**About this exercise**
Without the pictures, give every record again exactly.

[Scraped caption text data]
----------

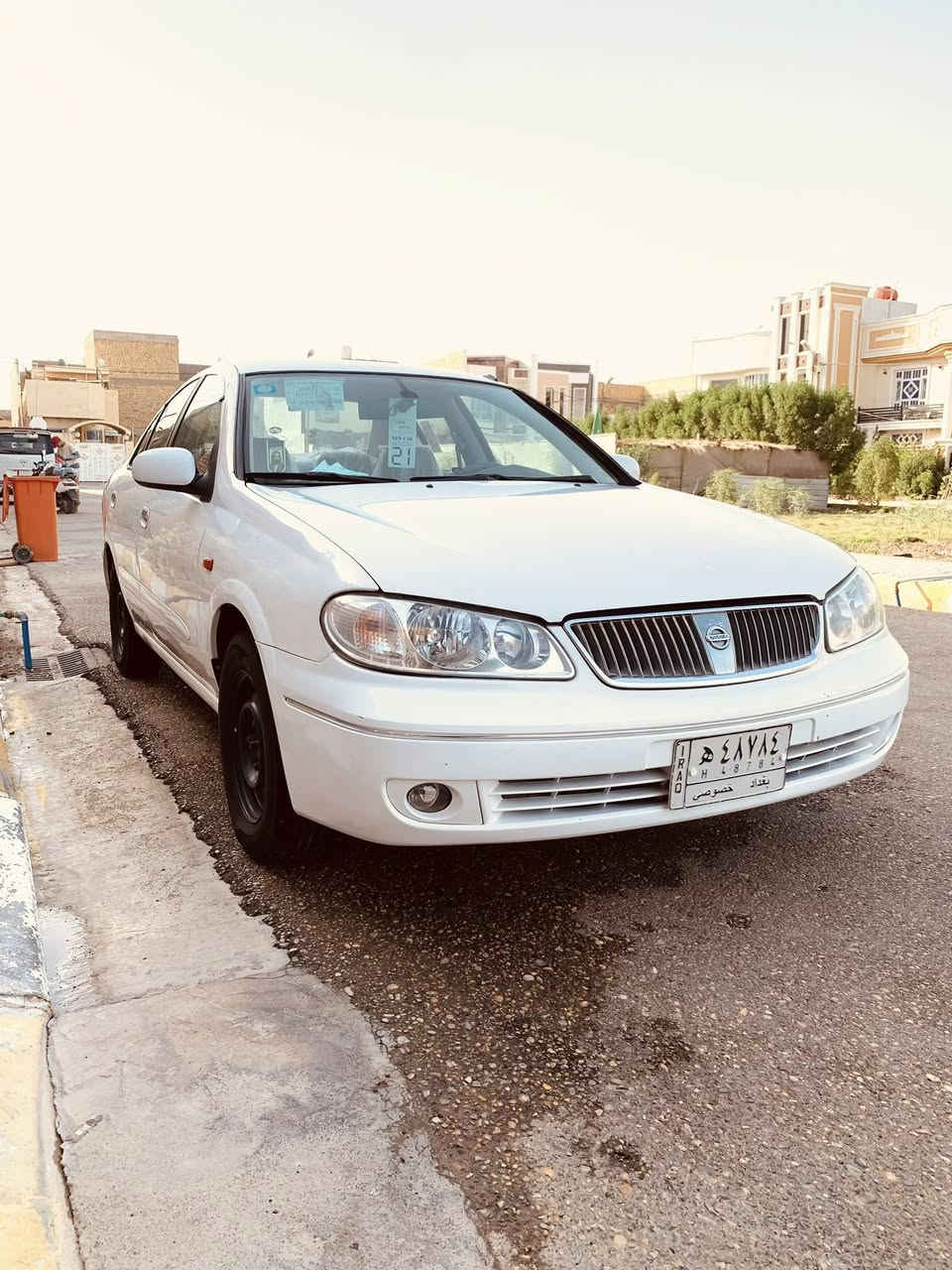 السلام عليكم نيسان سني ياباني 2009  غاز وبانزين رقم بغداد بأسمي بيه صبغ بخشم جاملغ بدايته  فقط  مكان واسط الكوت  
***********
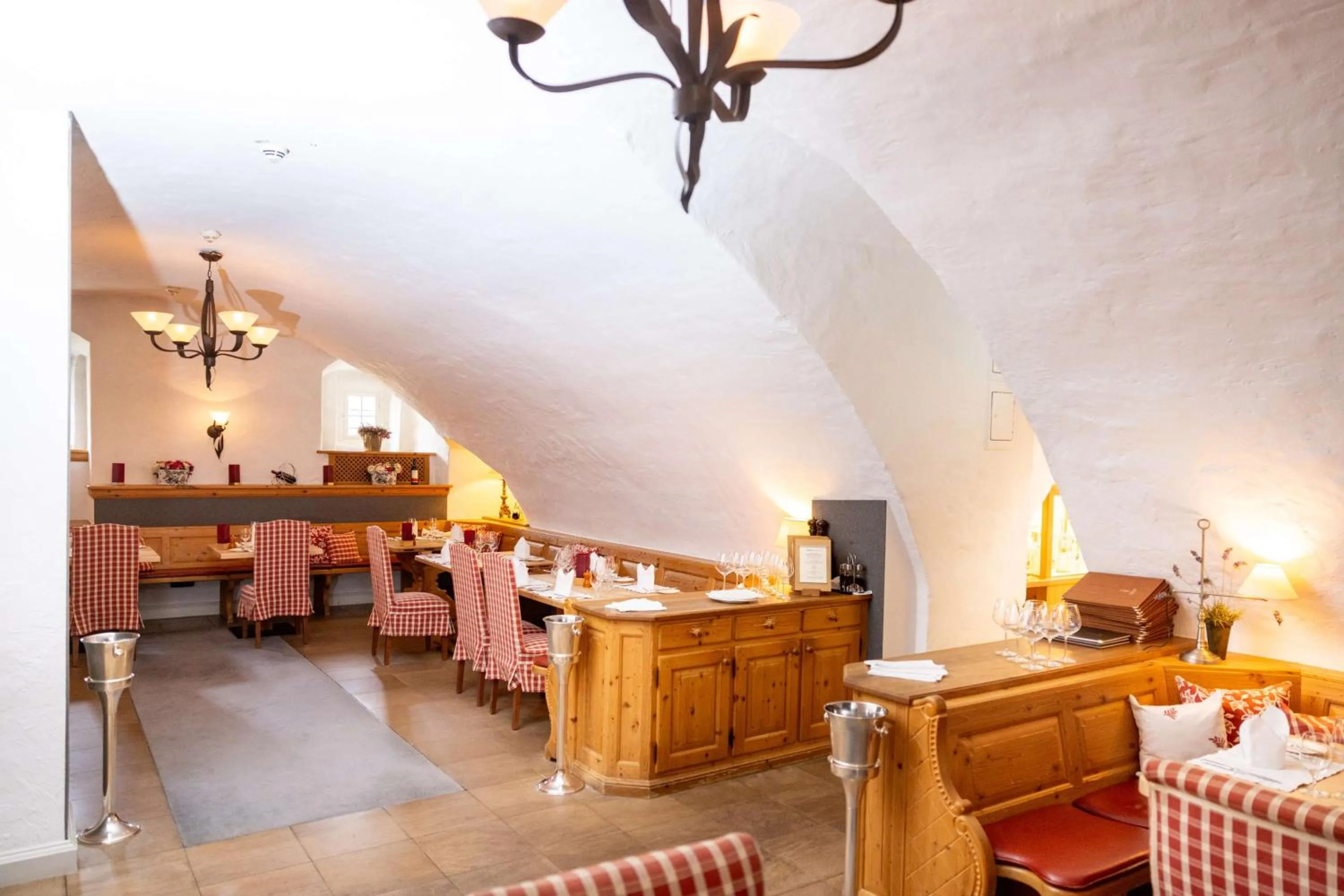 Restaurant/places to eat in Schlosshotel Münchhausen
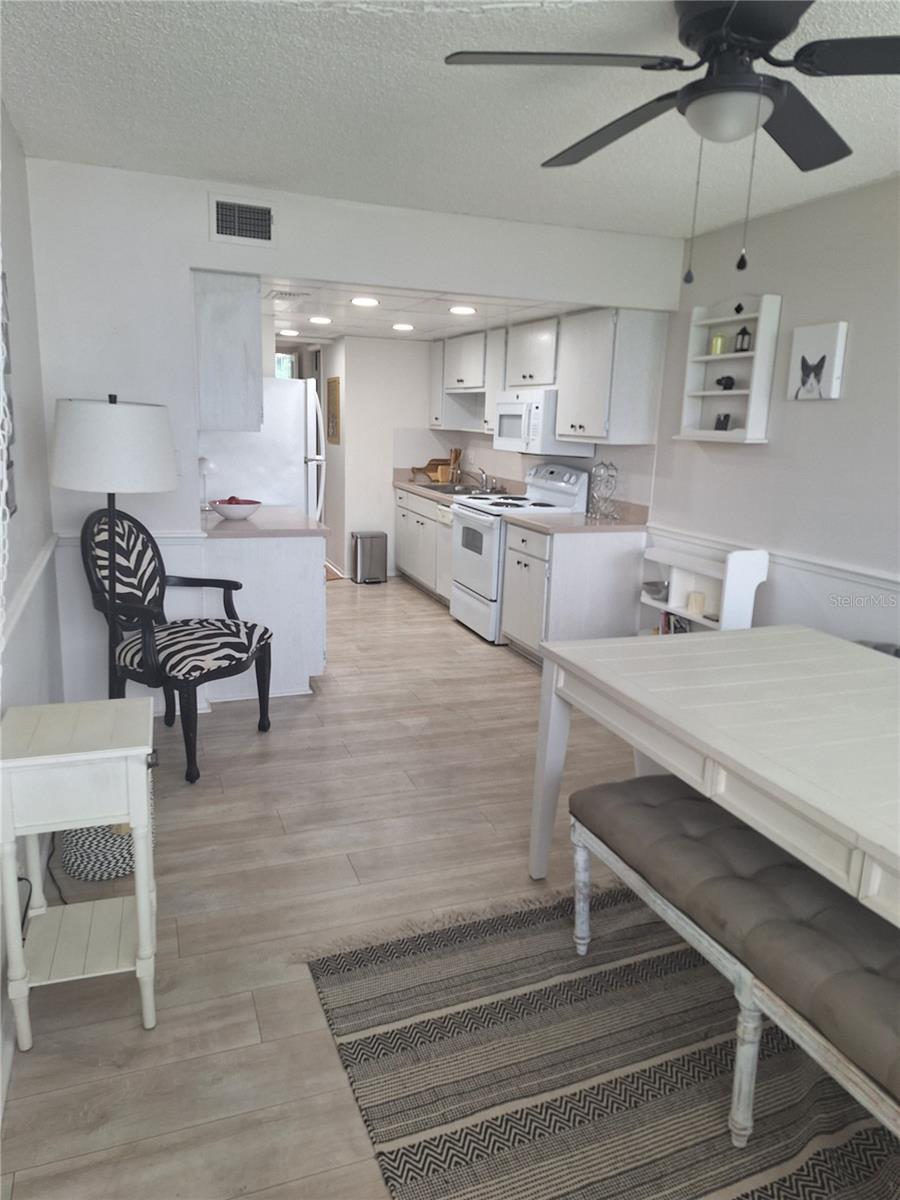 4720 LOCUST ST NE #210 — photo 18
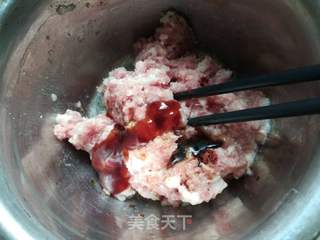 红萝卜玉米饺子的做法步骤:3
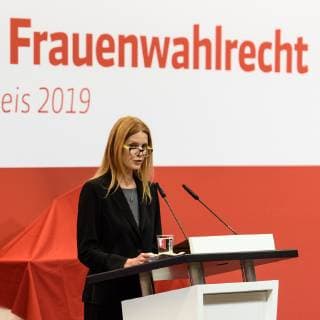 Die SPD-Bundestagsfraktion feiert den 100. Jahre Frauenwahlrecht Deutschland, Berlin - 18 02 2019: Veranstaltung der SPD-Bundestagsfraktion zu 100 Jahre Frauenwahlrecht – Unser Ziel ist Parität und Verleihung des Marie-Juchacz-Preises 2019. Im Bild ist Esther Schweins zu sehen. Berlin Bundestag Berlin Deutschland
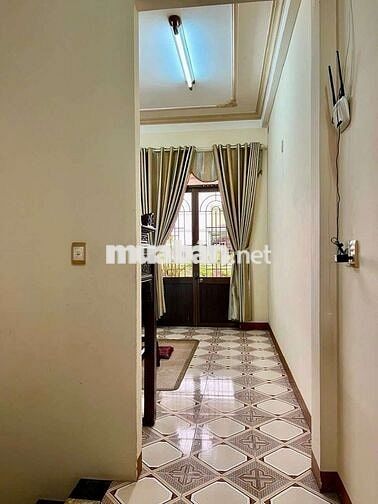 bán nhà hai bà trưng 3 tầng,gần chợ đêm,để lại nội thất,khu an ninh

----------

**Task result**
 السلام عليكم نيسان سني ياباني 2009  غاز وبانزين رقم بغداد بأسمي بيه صبغ بخشم جاملغ بدايته  فقط  مكان واسط الكوت  
***********
 Restaurant/places to eat in Schlosshotel Münchhausen
 4720 LOCUST ST NE #210 — photo 18
 红萝卜玉米饺子的做法步骤:3
 Die SPD-Bundestagsfraktion feiert den 100. Jahre Frauenwahlrecht Deutschland, Berlin - 18 02 2019: Veranstaltung der SPD-Bundestagsfraktion zu 100 Jahre Frauenwahlrecht – Unser Ziel ist Parität und Verleihung des Marie-Juchacz-Preises 2019. Im Bild ist Esther Schweins zu sehen. Berlin Bundestag Berlin Deutschland
 bán nhà hai bà trưng 3 tầng,gần chợ đêm,để lại nội thất,khu an ninh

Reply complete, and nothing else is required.